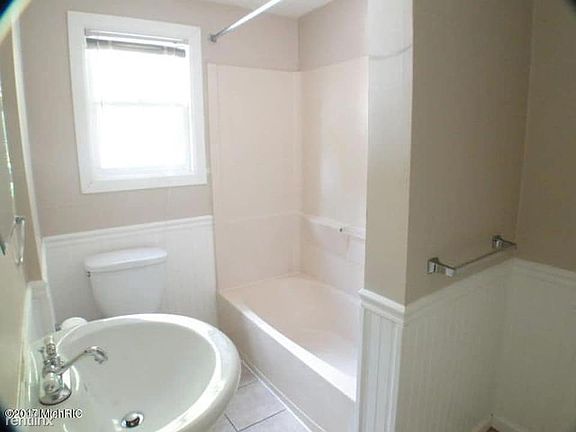 2nd image of 719 Ardmore St SE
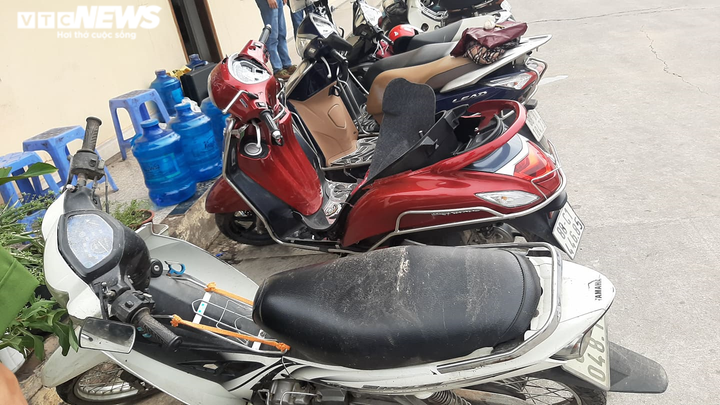 Hiện trường đổ nát, tan hoang sau vụ lốc xoáy san phẳng xưởng gỗ ở Vĩnh Phúc - 7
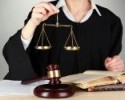 Адвокаты защищают клиентов в ходе уголовного судопроизводства в суде первой инстанции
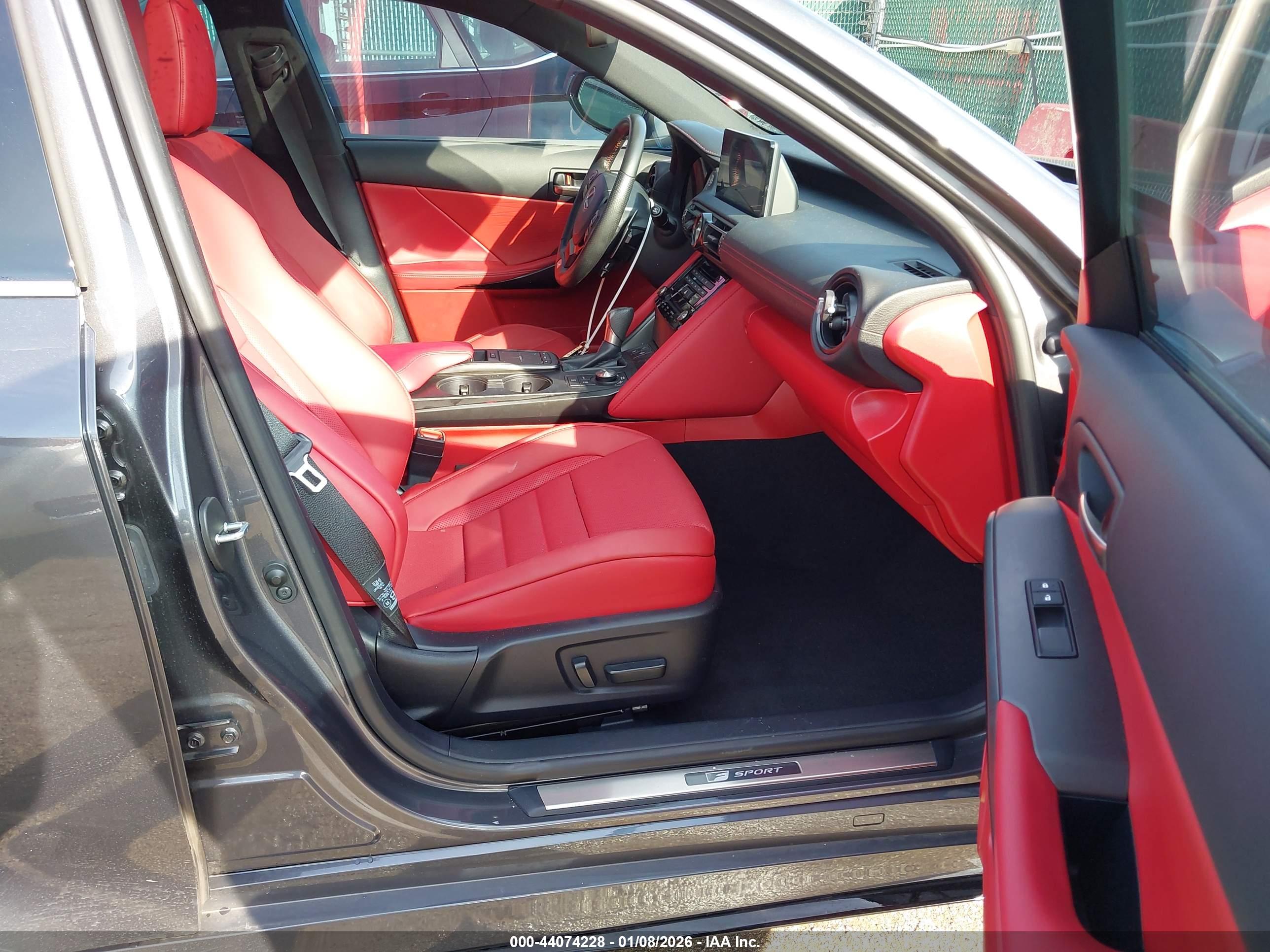LEXUS IS image 5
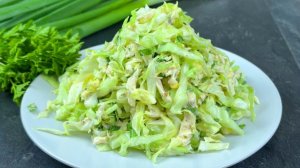 Салат из капусты ПО-НОВОМУ! Добавил курицу — получилось ОЧЕНЬ ВКУСНО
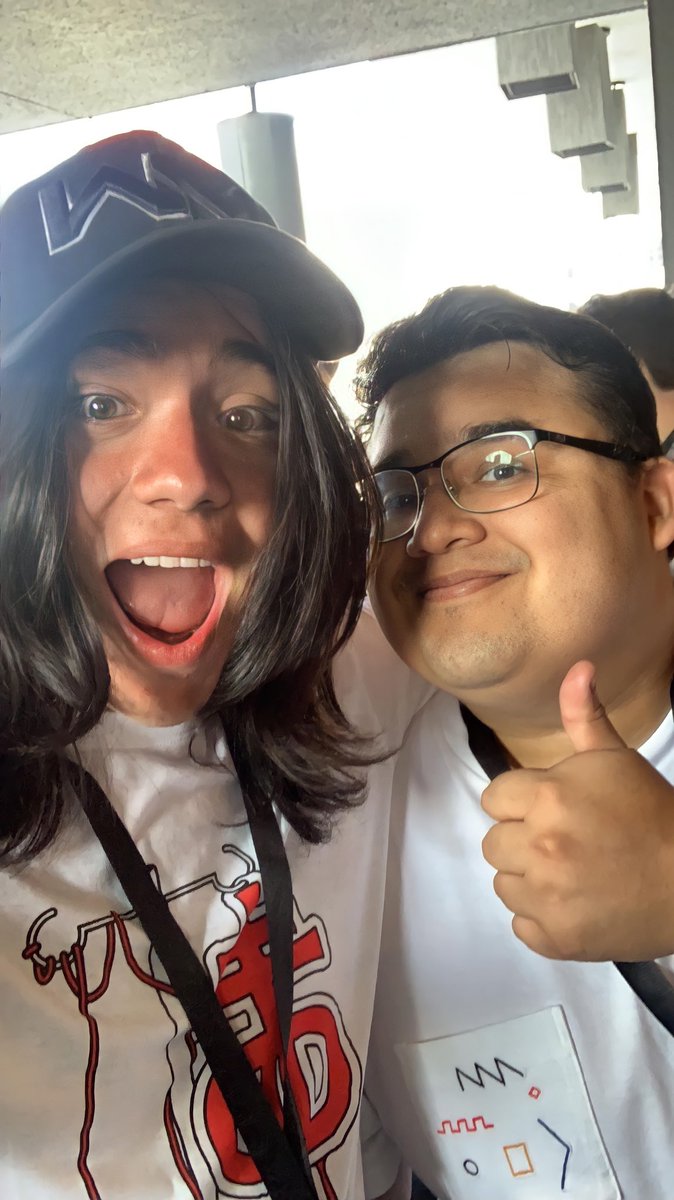 TakerMetal's tweet photo. Me encontré a este agradable sujeto en la calle, se acercó a mí y me pidió amablemente esta foto, no llevaba consigo su celular, por lo que decidí tomarla yo. Al terminar me miró a los ojos, sonrió y con un tono muy suave me dijo “de nada” y se marchó. 🤨 https://t.co/wDapkuwJ9c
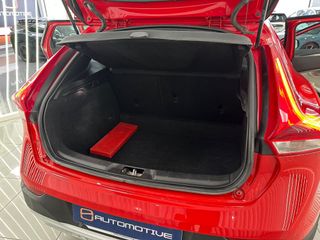 VOLVO V40 Cross Country 2.0 D2 Momentum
——
§ What you have to do
Repeat all the records exactly, images excluded.

§ Answer for this exercise
 2nd image of 719 Ardmore St SE
 Hiện trường đổ nát, tan hoang sau vụ lốc xoáy san phẳng xưởng gỗ ở Vĩnh Phúc - 7
 Адвокаты защищают клиентов в ходе уголовного судопроизводства в суде первой инстанции
LEXUS IS image 5
 Салат из капусты ПО-НОВОМУ! Добавил курицу — получилось ОЧЕНЬ ВКУСНО
 TakerMetal's tweet photo. Me encontré a este agradable sujeto en la calle, se acercó a mí y me pidió amablemente esta foto, no llevaba consigo su celular, por lo que decidí tomarla yo. Al terminar me miró a los ojos, sonrió y con un tono muy suave me dijo “de nada” y se marchó. 🤨 https://t.co/wDapkuwJ9c
 VOLVO V40 Cross Country 2.0 D2 Momentum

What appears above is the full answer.